Continuing the Crook County News Since 1884
CASPER — President Donald Trump signed a $1.4 trillion appropriations package Friday night, averting a government shutdown and saving health care for hundreds of retired coal miners in Kemmerer.
Coal has been the critical economic building block for the southwest Wyoming community, where miners have labored at the open pit coal mine in Lincoln County for decades. They’ve contributed millions of tons of thermal coal to the nation’s electricity supply. For many miners, working at the Kemmerer mine was the only livelihood they ever knew.
But last year’s bankruptcy of Westmoreland Coal Company, the owner of Kemmerer mine, shook the town to its core. Suddenly, hundreds of retired coal miners, many of whom spent decades contributing to the mine, saw their hard-earned health care and pension plans snatched away by a federal bankruptcy judge.
In February, the judge allowed the company to slash the majority of its $330 million in medical coverage obligations to its approximately 1,500 union retirees nationwide, despite protest from workers and their union, United Mine Workers of America. The bankruptcy court reasoned the dissolution of the once-binding union contract would enable the company to maximize its assets and sell the mines.

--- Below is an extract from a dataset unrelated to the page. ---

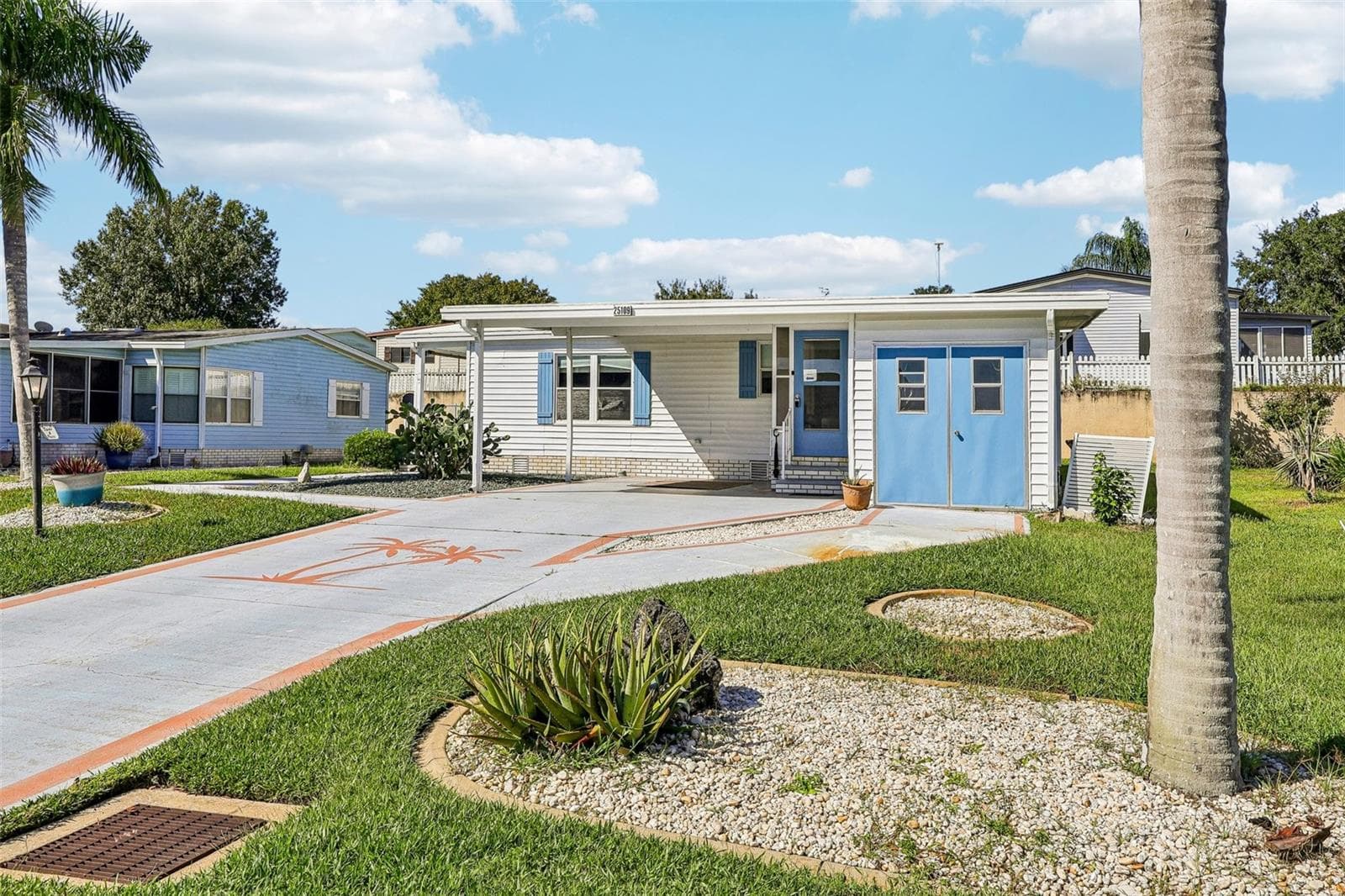 Manufactured Home at 25109 CLIFFORD HL, LEESBURG, photo 6 of 37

The decision imperiled the health care of hundreds of retired workers dependent on critical medical benefits. According to an existing agreement reached between the union and company, retired workers’ existing health care plans are scheduled to end Dec. 31. It’s become a familiar story in coal country: Operators facing mounting debt seek relief in
bankruptcy court. Companies can often shed tax, worker or environmental liabilities as they refinance.
But federal legislation approved by both the House and Senate offered a glimmer of hope for the retired coal miners in Kemmerer. Trump signed the $1.4 trillion appropriations package Friday, which included the Bipartisan American Miners Act.
The act dedicates $750 million to pensions for approximately 90,000 miners and health care for over 14,000 miners nationwide, according to Phil Smith, the labor union’s director of communications. The cost would be covered through the Surface Mining Control and Reclamation Act funding.
“It not only takes care of our Kemmerer people, (it) also takes care of our Westmoreland people in Colorado, in North Dakota and in Virginia — that’s a big piece,” Michael Dalpiaz, District 22 vice president of United Mine Workers of America, said. The union leader went on to say the bill was the result of a 10-year battle to preserve benefits to miners. “This thing is very, very, very huge.”
Wyoming lawmakers did not co-sponsor the bill.
The union also secured a new collective bargaining agreement for existing Kemmerer miners under the new owner of the mine, according to Dalpiaz.
After the sale of the Kemmerer mine to Western Coal Acquisition Partners failed to close, a group of secured creditors banded together to take over the ownership of the Kemmerer coal mine in June, among other assets. North American Construction Group Ltd. oversees the daily operations of the mine.